I keep making the mistake of thinking that peace means being in control. That’s just not right. In fact, for most things in life, control is an illusion. We can control very little when you get right down to it. There are things we can influence, but very few we can control.
Exercise and diet can influence our health but don’t completely control it. We can do nothing about heredity and very little about disease process.
We have great influence over our children, especially when they are young. As they age our control dwindles and eventually disappears.
Things like the weather, the economy and politics are completely out of control, ours or, it seems, anyone else’s.
Even things like our calendar and to-do list seem to have either minds of their own or the minds of others.
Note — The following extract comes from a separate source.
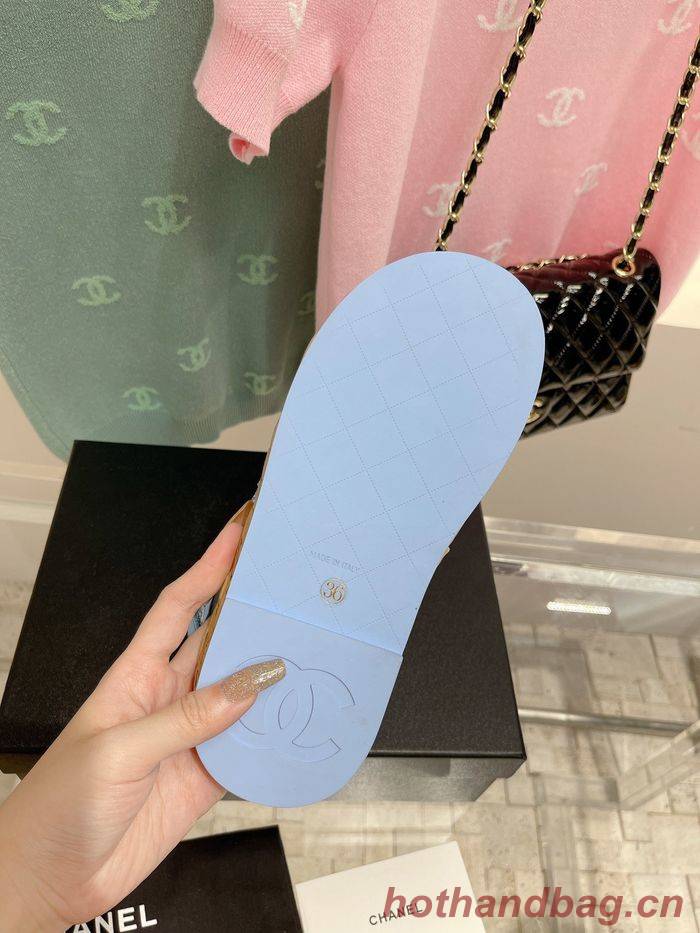 Chanel Shoes CHS00596 Chanel Shoes CHS00596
The great paradox about peace is that it is really only attainable when we let go of control and place everything in hands of the only one who really has any control, God. That sounds very simple, but it’s really tough to do. It’s both a decision and a process. After years of trying, we have to come to realize that we really can’t control much if anything. We then decide to put it in God’s hands, but we keep wanting to take it back. It’s only through years of experience and learning how much better He is at control than we are, that we can arrive at some semblance of peace.
When Jesus said, “Peace be with you,” He was only in one sense speaking of a state of mind. He was also saying, “Here I am. At last peace is possible.” Peace isn’t the absence of trouble, or the existence of control. It’s the presence of Christ.
Peace.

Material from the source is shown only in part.